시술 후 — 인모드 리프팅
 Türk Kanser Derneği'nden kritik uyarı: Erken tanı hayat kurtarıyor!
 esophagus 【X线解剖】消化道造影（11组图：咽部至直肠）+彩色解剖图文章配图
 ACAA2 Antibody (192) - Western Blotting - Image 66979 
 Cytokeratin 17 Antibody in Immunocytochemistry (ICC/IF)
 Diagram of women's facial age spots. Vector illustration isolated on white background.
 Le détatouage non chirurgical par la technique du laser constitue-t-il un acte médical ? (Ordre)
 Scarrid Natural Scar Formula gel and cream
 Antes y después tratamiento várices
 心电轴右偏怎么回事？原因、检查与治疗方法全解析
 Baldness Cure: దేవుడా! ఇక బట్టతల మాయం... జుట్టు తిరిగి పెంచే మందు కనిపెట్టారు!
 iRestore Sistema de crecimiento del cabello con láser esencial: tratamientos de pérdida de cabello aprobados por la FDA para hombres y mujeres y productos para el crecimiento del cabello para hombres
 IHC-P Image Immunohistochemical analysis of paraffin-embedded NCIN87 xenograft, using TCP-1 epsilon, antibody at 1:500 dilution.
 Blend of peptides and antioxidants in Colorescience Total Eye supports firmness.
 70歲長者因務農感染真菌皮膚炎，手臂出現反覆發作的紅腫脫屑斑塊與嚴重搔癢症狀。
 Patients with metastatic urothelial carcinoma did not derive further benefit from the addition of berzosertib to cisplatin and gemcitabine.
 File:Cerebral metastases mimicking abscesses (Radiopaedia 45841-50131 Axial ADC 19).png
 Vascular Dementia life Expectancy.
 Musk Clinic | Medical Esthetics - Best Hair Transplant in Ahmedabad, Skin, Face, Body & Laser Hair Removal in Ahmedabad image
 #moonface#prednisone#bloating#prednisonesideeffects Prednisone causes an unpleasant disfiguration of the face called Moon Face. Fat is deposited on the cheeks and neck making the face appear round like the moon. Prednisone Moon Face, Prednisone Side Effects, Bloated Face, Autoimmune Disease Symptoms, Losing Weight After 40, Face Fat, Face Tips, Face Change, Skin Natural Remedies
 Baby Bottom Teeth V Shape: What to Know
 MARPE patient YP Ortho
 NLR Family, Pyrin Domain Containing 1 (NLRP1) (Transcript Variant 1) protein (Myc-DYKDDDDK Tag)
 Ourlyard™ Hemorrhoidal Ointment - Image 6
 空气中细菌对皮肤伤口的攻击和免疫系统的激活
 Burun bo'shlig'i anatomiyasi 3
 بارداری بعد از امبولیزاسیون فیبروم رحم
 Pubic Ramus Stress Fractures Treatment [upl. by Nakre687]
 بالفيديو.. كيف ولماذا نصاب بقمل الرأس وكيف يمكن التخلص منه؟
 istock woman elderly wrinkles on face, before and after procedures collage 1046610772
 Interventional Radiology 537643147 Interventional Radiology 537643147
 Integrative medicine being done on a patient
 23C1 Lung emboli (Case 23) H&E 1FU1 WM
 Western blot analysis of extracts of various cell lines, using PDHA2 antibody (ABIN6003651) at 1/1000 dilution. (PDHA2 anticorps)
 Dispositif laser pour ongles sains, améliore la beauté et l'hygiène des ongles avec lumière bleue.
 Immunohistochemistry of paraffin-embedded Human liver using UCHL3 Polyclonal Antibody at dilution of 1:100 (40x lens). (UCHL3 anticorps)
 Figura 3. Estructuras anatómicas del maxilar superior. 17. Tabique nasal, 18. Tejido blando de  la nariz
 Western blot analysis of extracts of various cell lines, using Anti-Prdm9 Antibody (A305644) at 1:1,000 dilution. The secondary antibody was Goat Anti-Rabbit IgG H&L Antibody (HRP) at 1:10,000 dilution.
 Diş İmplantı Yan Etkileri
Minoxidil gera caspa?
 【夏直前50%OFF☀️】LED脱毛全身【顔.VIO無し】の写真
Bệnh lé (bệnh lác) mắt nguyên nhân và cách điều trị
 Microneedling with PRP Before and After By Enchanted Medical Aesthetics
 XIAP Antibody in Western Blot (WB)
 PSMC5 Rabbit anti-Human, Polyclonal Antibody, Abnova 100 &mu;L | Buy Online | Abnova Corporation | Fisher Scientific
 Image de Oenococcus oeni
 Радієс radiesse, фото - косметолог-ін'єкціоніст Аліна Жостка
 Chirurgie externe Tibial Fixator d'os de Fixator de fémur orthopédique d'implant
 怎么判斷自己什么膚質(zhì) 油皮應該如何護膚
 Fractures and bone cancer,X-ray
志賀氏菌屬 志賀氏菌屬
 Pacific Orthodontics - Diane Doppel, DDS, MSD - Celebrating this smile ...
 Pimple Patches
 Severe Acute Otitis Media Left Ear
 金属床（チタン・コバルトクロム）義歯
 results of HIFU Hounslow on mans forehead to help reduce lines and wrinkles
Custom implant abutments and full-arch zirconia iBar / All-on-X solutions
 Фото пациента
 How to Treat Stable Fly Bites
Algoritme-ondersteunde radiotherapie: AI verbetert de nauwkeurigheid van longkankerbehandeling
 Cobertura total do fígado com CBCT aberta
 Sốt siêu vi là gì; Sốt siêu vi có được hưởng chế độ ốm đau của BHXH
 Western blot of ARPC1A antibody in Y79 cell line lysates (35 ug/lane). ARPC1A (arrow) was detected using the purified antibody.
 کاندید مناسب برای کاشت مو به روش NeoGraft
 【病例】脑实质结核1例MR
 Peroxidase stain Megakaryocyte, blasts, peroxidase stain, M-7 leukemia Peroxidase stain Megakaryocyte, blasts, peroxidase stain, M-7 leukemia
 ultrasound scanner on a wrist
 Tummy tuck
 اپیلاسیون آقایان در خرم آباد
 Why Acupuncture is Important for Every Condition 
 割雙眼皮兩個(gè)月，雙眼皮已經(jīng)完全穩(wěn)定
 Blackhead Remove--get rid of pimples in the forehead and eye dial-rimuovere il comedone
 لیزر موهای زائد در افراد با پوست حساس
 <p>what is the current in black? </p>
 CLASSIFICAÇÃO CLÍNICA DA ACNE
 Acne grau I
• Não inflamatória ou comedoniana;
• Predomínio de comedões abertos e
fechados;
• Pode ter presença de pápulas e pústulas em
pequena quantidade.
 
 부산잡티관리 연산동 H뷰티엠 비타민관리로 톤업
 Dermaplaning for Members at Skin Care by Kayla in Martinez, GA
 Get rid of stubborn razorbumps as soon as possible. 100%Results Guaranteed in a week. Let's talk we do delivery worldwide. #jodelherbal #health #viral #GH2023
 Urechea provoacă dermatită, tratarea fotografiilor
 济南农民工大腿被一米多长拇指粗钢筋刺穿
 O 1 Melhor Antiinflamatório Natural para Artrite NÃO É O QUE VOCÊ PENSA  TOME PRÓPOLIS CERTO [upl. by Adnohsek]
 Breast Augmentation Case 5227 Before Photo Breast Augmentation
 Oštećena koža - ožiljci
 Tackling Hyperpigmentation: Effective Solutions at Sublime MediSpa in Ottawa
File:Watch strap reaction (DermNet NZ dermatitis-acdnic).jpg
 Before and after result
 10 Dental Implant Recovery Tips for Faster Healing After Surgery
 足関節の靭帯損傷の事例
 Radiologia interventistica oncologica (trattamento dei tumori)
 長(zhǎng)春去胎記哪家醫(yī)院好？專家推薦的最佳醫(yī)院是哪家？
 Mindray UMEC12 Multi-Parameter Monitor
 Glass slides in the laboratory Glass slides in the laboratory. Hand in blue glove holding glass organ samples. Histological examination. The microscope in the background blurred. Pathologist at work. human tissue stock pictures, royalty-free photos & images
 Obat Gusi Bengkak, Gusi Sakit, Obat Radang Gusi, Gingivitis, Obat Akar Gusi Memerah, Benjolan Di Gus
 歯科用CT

****************************************

Go through the listing above and write out exactly the lines starting with the one holding "Western blot of" and running through the one holding "Mindray UMEC12 Multi-Parameter Monitor", ends included, and no others.

 Western blot of ARPC1A antibody in Y79 cell line lysates (35 ug/lane). ARPC1A (arrow) was detected using the purified antibody.
 کاندید مناسب برای کاشت مو به روش NeoGraft
 【病例】脑实质结核1例MR
 Peroxidase stain Megakaryocyte, blasts, peroxidase stain, M-7 leukemia Peroxidase stain Megakaryocyte, blasts, peroxidase stain, M-7 leukemia
 ultrasound scanner on a wrist
 Tummy tuck
 اپیلاسیون آقایان در خرم آباد
 Why Acupuncture is Important for Every Condition 
 割雙眼皮兩個(gè)月，雙眼皮已經(jīng)完全穩(wěn)定
 Blackhead Remove--get rid of pimples in the forehead and eye dial-rimuovere il comedone
 لیزر موهای زائد در افراد با پوست حساس
 <p>what is the current in black? </p>
 CLASSIFICAÇÃO CLÍNICA DA ACNE
 Acne grau I
• Não inflamatória ou comedoniana;
• Predomínio de comedões abertos e
fechados;
• Pode ter presença de pápulas e pústulas em
pequena quantidade.
 
 부산잡티관리 연산동 H뷰티엠 비타민관리로 톤업
 Dermaplaning for Members at Skin Care by Kayla in Martinez, GA
 Get rid of stubborn razorbumps as soon as possible. 100%Results Guaranteed in a week. Let's talk we do delivery worldwide. #jodelherbal #health #viral #GH2023
 Urechea provoacă dermatită, tratarea fotografiilor
 济南农民工大腿被一米多长拇指粗钢筋刺穿
 O 1 Melhor Antiinflamatório Natural para Artrite NÃO É O QUE VOCÊ PENSA  TOME PRÓPOLIS CERTO [upl. by Adnohsek]
 Breast Augmentation Case 5227 Before Photo Breast Augmentation
 Oštećena koža - ožiljci
 Tackling Hyperpigmentation: Effective Solutions at Sublime MediSpa in Ottawa
File:Watch strap reaction (DermNet NZ dermatitis-acdnic).jpg
 Before and after result
 10 Dental Implant Recovery Tips for Faster Healing After Surgery
 足関節の靭帯損傷の事例
 Radiologia interventistica oncologica (trattamento dei tumori)
 長(zhǎng)春去胎記哪家醫(yī)院好？專家推薦的最佳醫(yī)院是哪家？
 Mindray UMEC12 Multi-Parameter Monitor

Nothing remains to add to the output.